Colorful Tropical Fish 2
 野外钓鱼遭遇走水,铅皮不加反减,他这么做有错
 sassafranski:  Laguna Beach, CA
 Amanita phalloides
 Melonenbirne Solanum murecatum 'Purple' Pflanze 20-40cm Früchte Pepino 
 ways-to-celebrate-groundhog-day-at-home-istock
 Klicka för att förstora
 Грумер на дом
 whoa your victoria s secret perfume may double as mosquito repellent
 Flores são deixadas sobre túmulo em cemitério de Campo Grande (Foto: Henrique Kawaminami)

==*==

AIM OF THE EXERCISE —
Those lines from the one with "Amanita phalloides" through the last line of the material above are to be retyped exactly, with nothing else.

PROBLEM SOLUTION —
 Amanita phalloides
 Melonenbirne Solanum murecatum 'Purple' Pflanze 20-40cm Früchte Pepino 
 ways-to-celebrate-groundhog-day-at-home-istock
 Klicka för att förstora
 Грумер на дом
 whoa your victoria s secret perfume may double as mosquito repellent
 Flores são deixadas sobre túmulo em cemitério de Campo Grande (Foto: Henrique Kawaminami)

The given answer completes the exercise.